Why the Veep Speculation Game Matters

With not much else to talk about during slow summer news weeks, much of the media is spending its time promoting stories they know are either untrue or incredibly unlikely about the identity of Mitt Romney’s running mate. Some of this, as Alana noted earlier today, is just deep in the weeds “tea reading.” Other stories, such as the ones promoting the notion that CIA chief David Petraeus is at the top of the lists that were floated today, seem outlandish. But because nobody but Romney has any idea of who the winner of the GOP veep lottery will be, any suggestion about a potential candidate is just as good as another.

All this makes for a media melee that does not exactly present an edifying spectacle to the public. But whether you think this orgy of unsubstantiated speculation is good fun or just a depressing picture of the state of modern journalism, the willingness of so many to play the game reflects something more than press boredom. Whether Romney is evaluating potential running mates on their ability to govern or their electoral impact or some combination of the two, the intense interest in his choice is also an indication that he needs to do more than just fill in the slot. Some in the GOP believe the country’s economic difficulties mean they are destined to win in November no matter what the pundits say. But the polls indicating President Obama is holding onto a slim lead suggest Romney must pick someone who can energize his party and give him a post-convention bump in the polls that he desperately needs.

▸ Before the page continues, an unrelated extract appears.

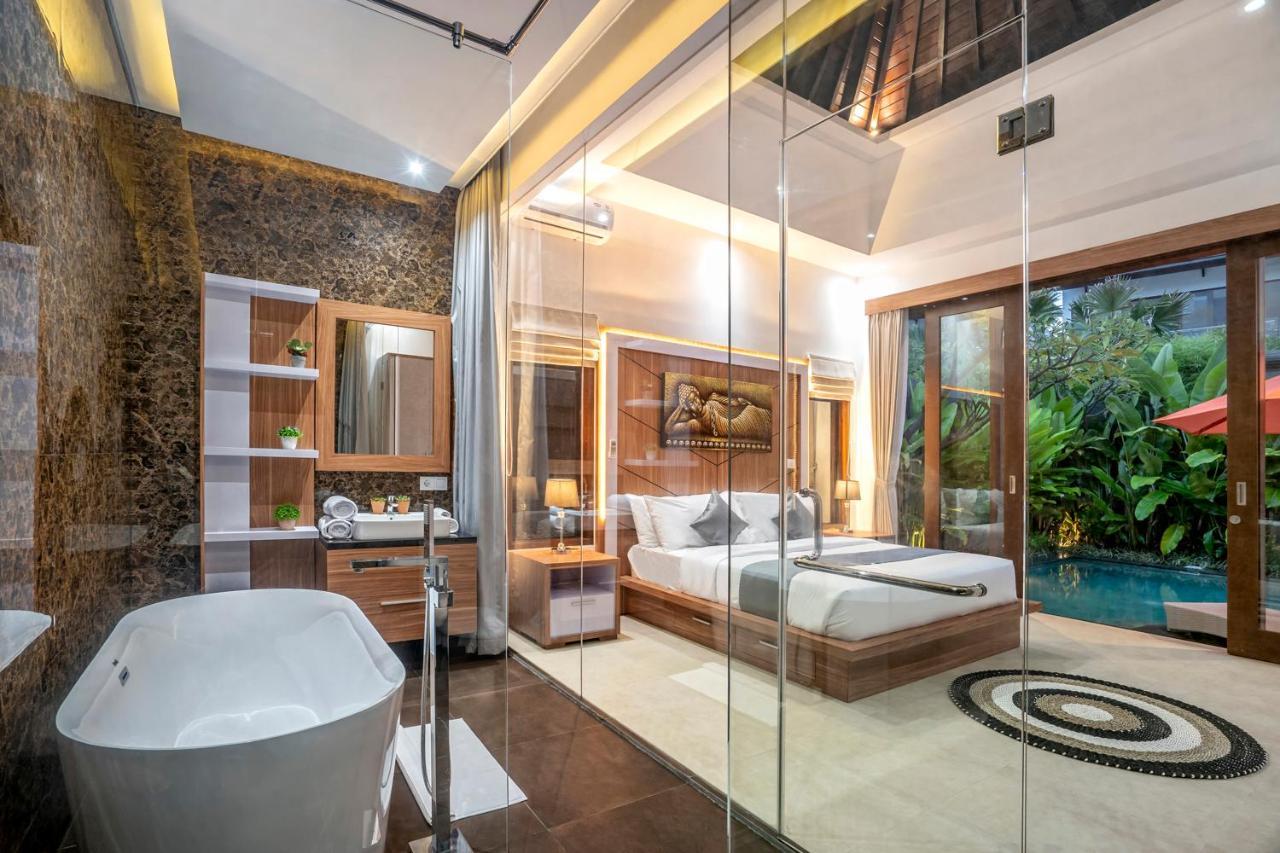 Puri Keraton Seminyak Villa Eksteriør billede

The widespread longing for picks that would push the political envelope like Petraeus or Condoleezza Rice is not just a function of the press promoting headline-grabbing stories. It is a clear sign Romney needs to do more than just round up one of the usual colorless suspects who many political observers assume the would-be CEO-in-chief prefers.

There is a widespread assumption that Romney so fears a foolish attempt at a game-changing pick such as Sarah Palin that he will go in the other direction and pick a colorless but seemingly safe choice like Rob Portman or Tim Pawlenty. But Romney needs to understand that although his position is stronger than that of John McCain four years ago, he cannot afford to play it safe.

If you are spending this week doing your best to ignore the veep speculation, you are smart, as most of the stories you are likely to read about the topic in the days leading up to Romney’s announcement are probably bunk. But the subtext to this press frenzy is not insignificant. Romney needs a running mate who can help him win. Whether it is a more familiar face like Marco Rubio or Paul Ryan or someone who comes in out of left (or should I say right) field, the interest in the subject is an indicator of how important the choice will be.